L’intervento di tale forza si sarebbe reso necessario alla luce dei nuovi appelli alla jiahd dei gruppi estremisti libici che hanno manifestato il loro dissenso dopo il blitz di Tripoli, definito un atto illegale, e per il presunto placet segreto del governo provvisorio libico di Zeidan rapito questa mattina dall’albergo Corinthias.
Il parlamento libico ha formalmente richiesto la restituzione di Al Libi che però ora si troverebbe detenuto sulla nave da sbarco americana San Antonio, detenuto ed interrogato in alto mare da un team speciale di agenti Fbi e Cia. “Lavoro preventivo” senza assistenza legale in stile Guantanamo prima di essere consegnato ad un tribunale Americano.
Il caso ha sollevato forti critiche in quanto, l’operazione, ricorda a molti i blitz dell’amministrazione Bush, i rapimenti, rendition, in termini Usa, che di fatto violano qualsiasi intendimento di diritto internazionale, condotti tanto in paesi islamici quanto sul nostro suolo, basti ricordare il caso Abu Omar a Milano nel 2003. Inoltre il sistema delle navi-carcere sembrava essere un ricordo del passato ed è stato riattivato nel 2011 con ben 17 unità messe a disposizione dalla marina Usa.

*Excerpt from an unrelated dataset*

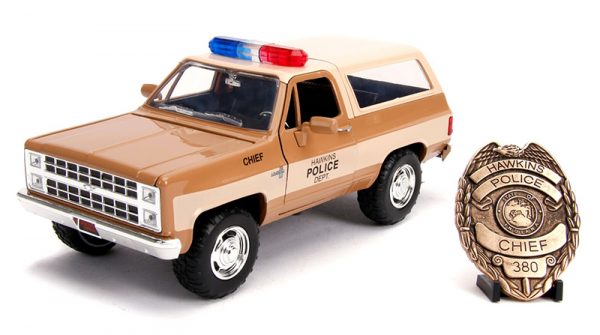 31111 - Hawkins Police Dept - Hopper's Chevy Blazer with Police Badge - Stranger Things (Netflix Series, 2016-Current)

Una guerra, quella americana al terrorismo, che sembra spesso travalicare il sottile confine della legittimità. Una guerra globale senza quartiere e senza fronti ma con dei capisaldi e degli avamposti in tutto il globo, non ultima, appunto, la “nostra” Sigonella pista di decollo di quella immensa portaerei chiamata Italia.